I always liked Mystic Prophecy. Of course, they had the most clichéd lyrics of all the current 142,592 bands recorded in M-A, but so what? They had the heart in the right place, a very good singer blessed with a strong voice and made pure metal flowing out of the speakers, sometimes good, sometimes so-so, but always authentic. And then came Monuments Uncovered.
First: the songs replayed here are in no way "monuments", at least not in the metal cosmos in which I like to stay. I also don't give a shit whether these are good pop songs (or occasional rock songs) or not. Because the artistic intention behind this record remains completely obscure. For a good reason - there shouldn't have been any, here it should have been only about the attempt to earn a few Euros with minimal effort. But then one could at least have expected Mystic Prophecy to have added their own touch somewhere here.
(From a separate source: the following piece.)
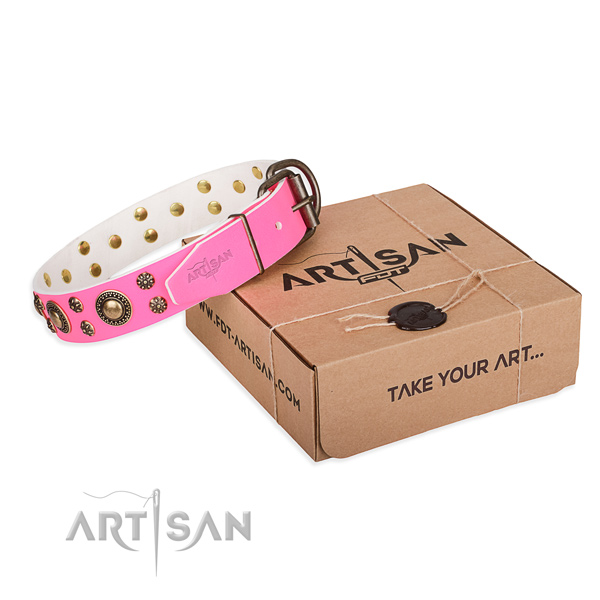 Stylish walking dog collar of top notch genuine leather with embellishments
Maybe that is the case in one or the other solo, but no title is changed in its basic structure, is presented in another tempo or has any moment of surprise to offer. Uninspired and like slaves of their own disorientation the quintet drags itself through one inanity after the other. Lead vocalist Liapakis doesn't come into his own at all in the poppy realms and thus the band robs itself of its strongest weapon.
Liapakis doesn't sound corny, but without any charisma. His unexpected complete lack of expression is the perfect partner to the powerless performance of the instrumental fraction. Of course, this Lenny Kravitz junk, for example, has a few percent more fire than 'Because the Night' or 'I'm Still Standing' and there would have been little objection to a single cover of 'Space Lord' on a regular album. But this whole work of art bristles with embarrassment. One look at the front painting is enough to know that there must have been a collective blackout here. A more childish picture you really only rarely get to see. But maybe I don't understand and the cover is supposed to be the ultimate humiliation of Kim Wilde, who was very pretty 35 years ago?
So don’t expect a metallic frame, these songs haven’t been pushed out of their comfort zone – and the same must be said about the musicians who fulfil the compulsory task without energy or conviction. Even the only acceptable track, 'Space Lord', sounds much more expressive, much more dynamic and much more casual in the original version. And even if I don't believe it and don't recognize it, maybe the originals somehow have a soul, a spirit or something else to like them for. Mystic Prophecy have successfully levelled all this with their uniformly unambitious recording of their versions. Wise guys may now point out that the production of these alleged monuments is fine after all. How ridiculous! A production can do the following things: 1. make a good record even better, 2. ruin an actually good record, 3. make a bad record even worse, but it can never make a shitty record good or leastwise bearable. Thus, it makes no sense to lose many words about the sound of Monuments Uncovered. Only for the record: the mix is okay, but it does not lend the songs the extra portion of pressure they would have benefitted from.
In short, this album is one of the most superfluous of all time. It has done exactly two things: it wasted raw materials and murdered the integrity of its protagonists. I don’t think it’s an album at all, just a betrayal. Mystic Prophecy, you can do it many times better.